Gesucht: Bionade-Cocktailrezepte
Zu diesen kleinen Schritten gehört auch eine starke Präsenz im Online- und Social-Media-Bereich, auf Videoplattformen oder Influencer Kooperationen, also Werbepartner mit starker Bekanntheit, gerade im Hinblick auf die jüngere Generation. Auch die Gastronomie sei laut Lonicer ein extrem wichtiger Kanal. Um dieser Wichtigkeit Ausdruck zu verleihen, wurde der spielerische Cocktail-Mitmach-Wettbewerb "Bionade - Mix was! ... weil wir's nicht können" ins Leben gerufen. Gastronomen, Barkeeper aber auch Privatpersonen können noch bis zum 30. Juni ihre Cocktailideen einreichen. Einzige Bedingung: Bionade muss sich unter den Zutaten befinden. Eine Jury wählt die 12 kreativsten Mixer aus, deren Rezepte sich dann in einem Cocktailbuch wiederfinden sollen. Zudem winken weitere Preise.
Ob der "Bio-Pionier" aus Ostheim mit all dem an die glorreichen Erfolgszeiten wieder anknüpfen kann, wird sich nun zeigen.

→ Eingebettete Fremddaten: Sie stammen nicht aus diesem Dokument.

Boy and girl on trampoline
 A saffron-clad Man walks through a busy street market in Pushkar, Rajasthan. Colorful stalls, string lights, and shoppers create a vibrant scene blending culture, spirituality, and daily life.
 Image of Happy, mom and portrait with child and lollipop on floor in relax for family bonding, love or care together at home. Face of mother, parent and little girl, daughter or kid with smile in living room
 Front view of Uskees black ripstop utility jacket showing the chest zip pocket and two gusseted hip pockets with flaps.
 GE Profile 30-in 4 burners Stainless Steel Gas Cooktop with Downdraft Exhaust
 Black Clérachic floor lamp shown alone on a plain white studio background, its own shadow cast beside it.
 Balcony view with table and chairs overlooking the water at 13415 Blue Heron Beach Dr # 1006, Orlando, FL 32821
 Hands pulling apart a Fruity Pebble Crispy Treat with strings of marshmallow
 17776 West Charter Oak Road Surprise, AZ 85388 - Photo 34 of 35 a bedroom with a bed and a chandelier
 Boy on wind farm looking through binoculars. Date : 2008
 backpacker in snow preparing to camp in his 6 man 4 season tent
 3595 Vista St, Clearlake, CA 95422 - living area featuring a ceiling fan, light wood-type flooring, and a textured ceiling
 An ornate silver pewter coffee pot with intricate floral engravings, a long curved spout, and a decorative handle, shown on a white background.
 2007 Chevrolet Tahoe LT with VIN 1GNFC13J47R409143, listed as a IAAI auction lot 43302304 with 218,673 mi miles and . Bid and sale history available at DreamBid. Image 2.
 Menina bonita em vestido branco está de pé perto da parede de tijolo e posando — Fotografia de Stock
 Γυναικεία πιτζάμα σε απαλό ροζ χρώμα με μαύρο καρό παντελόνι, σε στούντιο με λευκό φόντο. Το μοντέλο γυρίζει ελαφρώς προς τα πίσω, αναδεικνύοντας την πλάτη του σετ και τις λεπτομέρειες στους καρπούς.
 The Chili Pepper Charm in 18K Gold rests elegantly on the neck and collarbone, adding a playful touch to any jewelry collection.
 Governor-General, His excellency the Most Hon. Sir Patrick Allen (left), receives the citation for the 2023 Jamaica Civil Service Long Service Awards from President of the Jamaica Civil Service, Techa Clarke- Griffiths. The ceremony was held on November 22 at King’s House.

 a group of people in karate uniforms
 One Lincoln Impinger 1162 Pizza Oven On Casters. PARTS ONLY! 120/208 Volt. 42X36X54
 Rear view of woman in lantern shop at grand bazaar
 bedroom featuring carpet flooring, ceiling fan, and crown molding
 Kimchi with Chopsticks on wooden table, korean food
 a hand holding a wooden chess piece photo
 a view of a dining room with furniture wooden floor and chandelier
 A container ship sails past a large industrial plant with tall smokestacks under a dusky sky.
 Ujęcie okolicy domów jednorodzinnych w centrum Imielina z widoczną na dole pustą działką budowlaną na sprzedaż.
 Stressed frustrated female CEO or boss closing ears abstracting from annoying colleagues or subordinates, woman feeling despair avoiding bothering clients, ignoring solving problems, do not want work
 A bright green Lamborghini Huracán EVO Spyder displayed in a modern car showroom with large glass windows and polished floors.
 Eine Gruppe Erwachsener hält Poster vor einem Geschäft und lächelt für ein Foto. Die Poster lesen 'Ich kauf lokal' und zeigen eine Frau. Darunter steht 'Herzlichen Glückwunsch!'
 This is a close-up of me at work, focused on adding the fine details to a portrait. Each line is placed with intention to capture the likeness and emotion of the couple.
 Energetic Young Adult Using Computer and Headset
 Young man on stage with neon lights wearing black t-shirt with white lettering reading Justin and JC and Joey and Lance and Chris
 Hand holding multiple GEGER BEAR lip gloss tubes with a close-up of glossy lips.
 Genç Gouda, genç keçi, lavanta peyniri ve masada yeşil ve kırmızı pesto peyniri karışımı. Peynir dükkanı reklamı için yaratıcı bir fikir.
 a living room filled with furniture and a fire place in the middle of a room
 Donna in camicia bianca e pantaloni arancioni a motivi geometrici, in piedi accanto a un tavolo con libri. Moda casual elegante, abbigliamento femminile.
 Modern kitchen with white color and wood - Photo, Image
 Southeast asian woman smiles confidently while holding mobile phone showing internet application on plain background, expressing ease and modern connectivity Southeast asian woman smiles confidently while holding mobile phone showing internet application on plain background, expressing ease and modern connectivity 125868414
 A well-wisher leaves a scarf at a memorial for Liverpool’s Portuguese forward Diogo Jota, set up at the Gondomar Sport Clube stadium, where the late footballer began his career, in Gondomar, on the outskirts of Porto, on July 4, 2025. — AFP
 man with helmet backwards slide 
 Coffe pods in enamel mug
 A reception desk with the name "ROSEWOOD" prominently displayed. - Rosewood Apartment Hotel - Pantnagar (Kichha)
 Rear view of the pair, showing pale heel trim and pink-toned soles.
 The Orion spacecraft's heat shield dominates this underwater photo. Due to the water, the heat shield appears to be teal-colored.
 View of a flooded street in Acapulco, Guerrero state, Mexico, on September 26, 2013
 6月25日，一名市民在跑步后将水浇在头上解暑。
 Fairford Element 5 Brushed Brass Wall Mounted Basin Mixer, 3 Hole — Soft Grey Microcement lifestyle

Erste Reaktionen zu den neuen Sorten machen Hoffnung: "Es ist schön, wenn die Menschen auch mal etwas Positives schreiben, das gibt es nicht immer", so Lonicer. Deren Hoffnungen auf eine bessere Zukunft begründen sich aber auch auf den neuen Eigentümer. "Die Hassia-Gruppe glaubt extrem an diese Marke und ist davon überzeugt, dass die Rückkehr in die Erfolgsspur gelingt". Und das soll auch weiterhin am Produktionssitz in Ostheim geschehen. Ein Weggang aus der Rhön, wie zu früheren Zeiten einmal im Gespräch, ist vom Tisch. Stattdessen wird in den Standort investiert. Nach dem Abriss der ehemaligen Ostheimer Kultdiskothek "08/15" vergrößert sich Bionade momentan mit dem Bau eines neuen Logistikzentrums. "Das ist für die Region total wichtig und ein wichtiges Signal", so Svenja Lonicer abschließend.